-- PROVIDED MATERIAL --
⟨
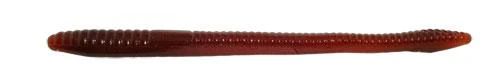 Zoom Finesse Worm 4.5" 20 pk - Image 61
⟩
⟨
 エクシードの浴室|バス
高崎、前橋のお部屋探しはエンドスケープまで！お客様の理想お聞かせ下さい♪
⟩
⟨
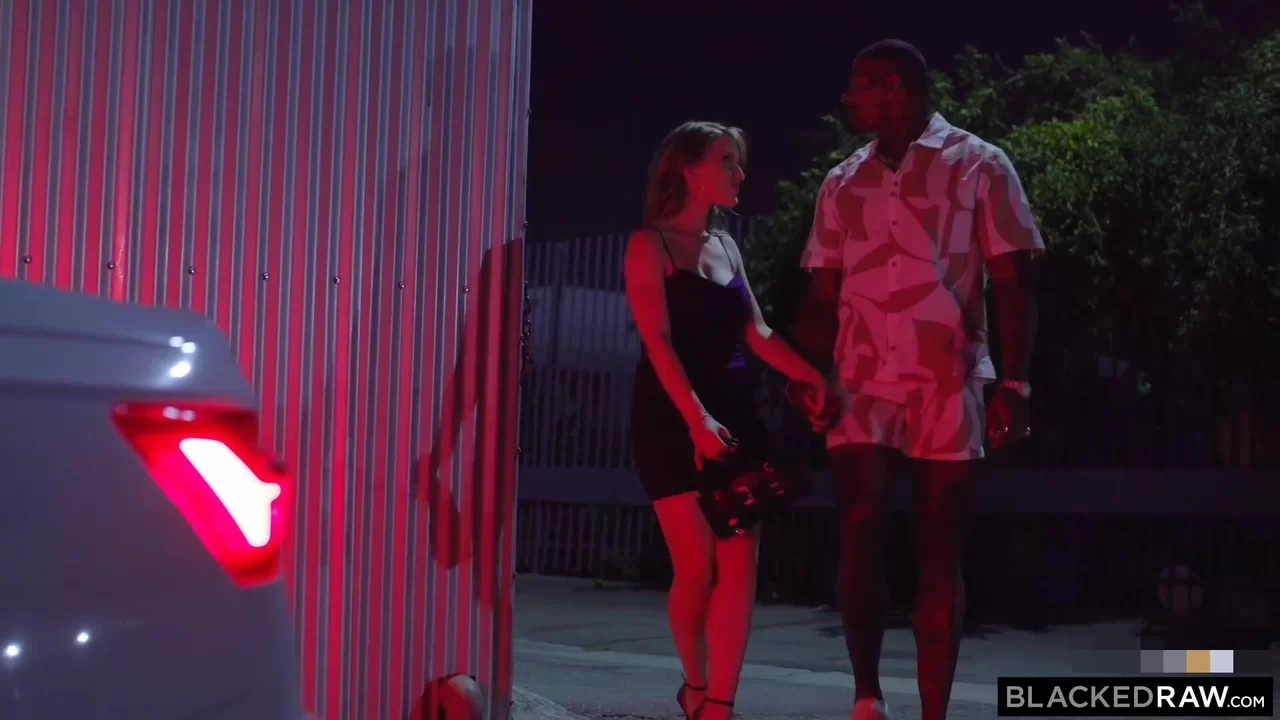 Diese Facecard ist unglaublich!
⟩
-- TRY IT --
Give again exactly, and only, the lines above starting at the one with "エクシードの浴室|バス" and ending at the one with "高崎、前橋のお部屋探しはエンドスケープまで！お客様の理想お聞かせ下さい♪".

-- RESPONSE FOR THIS EXERCISE --
 エクシードの浴室|バス
高崎、前橋のお部屋探しはエンドスケープまで！お客様の理想お聞かせ下さい♪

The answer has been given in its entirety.